Rajni responded with rebellion. She hiked up her skirt as soon as she disappeared from Mum’s view, and she skipped classes and smoked cigarettes. On Saturday afternoons, she danced her frustrations away with her friend Nadia at the daylight discos for hours until her clothes were soaked in sweat. With pop music still ringing in her ears, she returned home before dark and made sure to mention just enough details about that afternoon’s study session at the library to keep Mum’s suspicions at bay.
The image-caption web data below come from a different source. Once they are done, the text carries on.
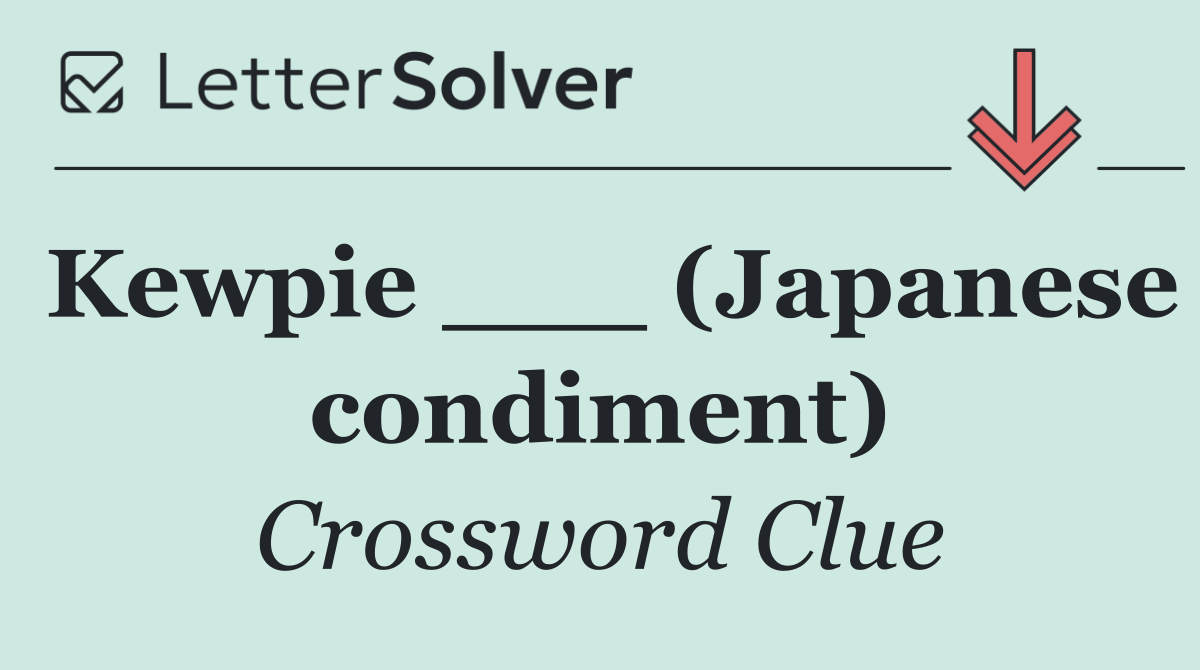 Kewpie ___ (Japanese condiment)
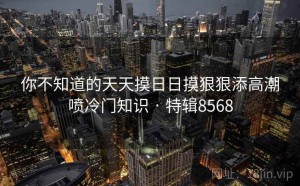 你不知道的天天摸日日摸狠狠添高潮喷冷门知识 · 特辑8568
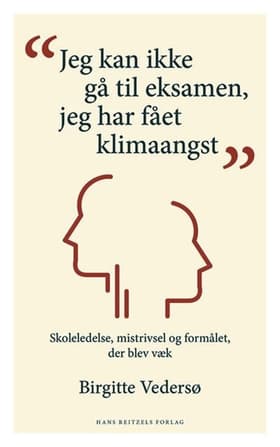 Jeg kan ikke gå til eksamen, jeg har fået klimaangst af Birgitte Vedersø
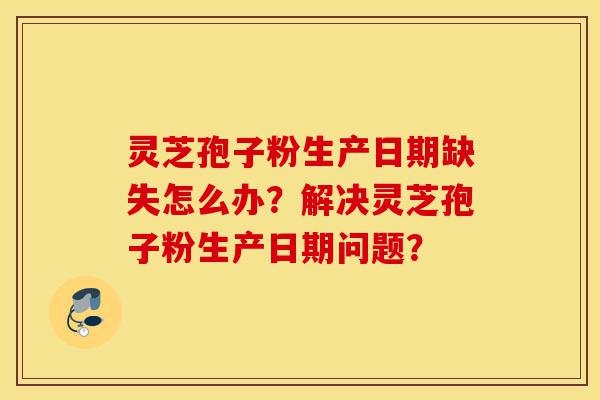 灵芝孢子粉生产日期缺失怎么办?解决灵芝孢子粉生产日期问题?-第1张图片-灵芝之家 灵芝孢子粉生产日期缺失怎么办?解决灵芝孢子粉生产日期问题?-第1张图片-灵芝之家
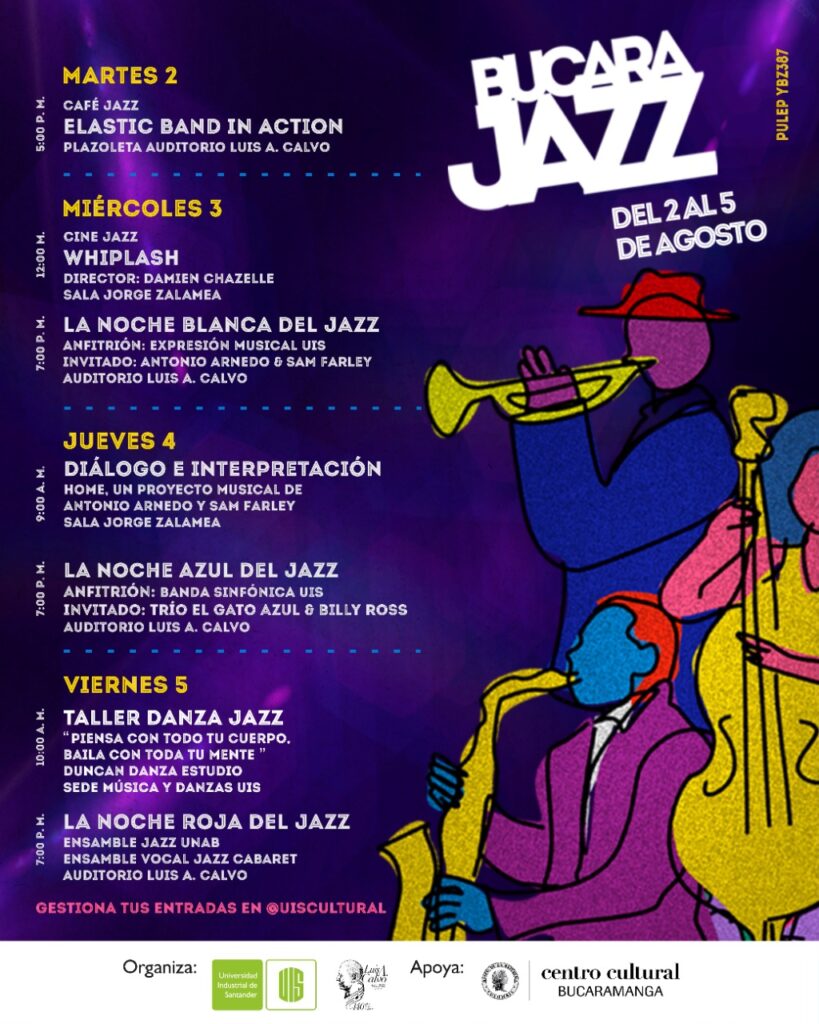 Programación festival de jazz 'Bucarajazz', el cual tiene lugar en el marco de esta semana cultural.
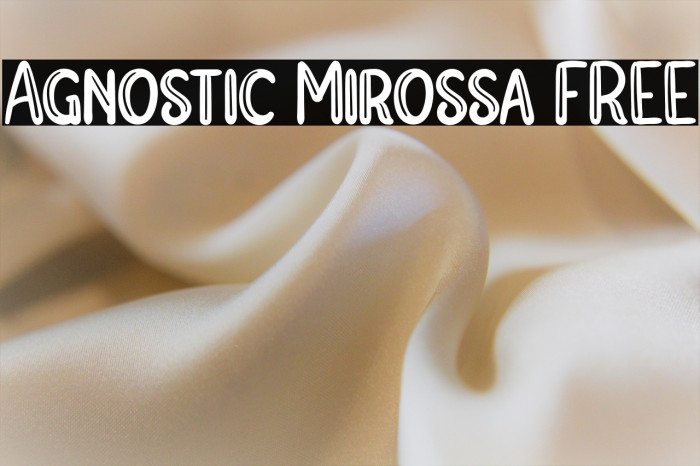 Agnostic Mirossa FREE Example 1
It was little Shirina curiously rifling through Rajni’s things one day who found a pack of cigarettes. Not knowing exactly what they were, she carted her new find around the house until Mum spotted her. Rajni came home from school that afternoon to find her bed covered in a display of everything she had kept hidden—the short skirts and tube tops borrowed from Nadia’s older cousin, the cigarettes, a coaster she had nicked from the club, and photographs of scenes Mum would never allow: Rajni with a boy’s arm casually slung around her shoulder, Rajni in a low-cut top, pouting her painted lips for the camera. Those pictures were proof of another life. Rajni took some pride in them because they reminded her that she wasn’t what those mean girls said she was.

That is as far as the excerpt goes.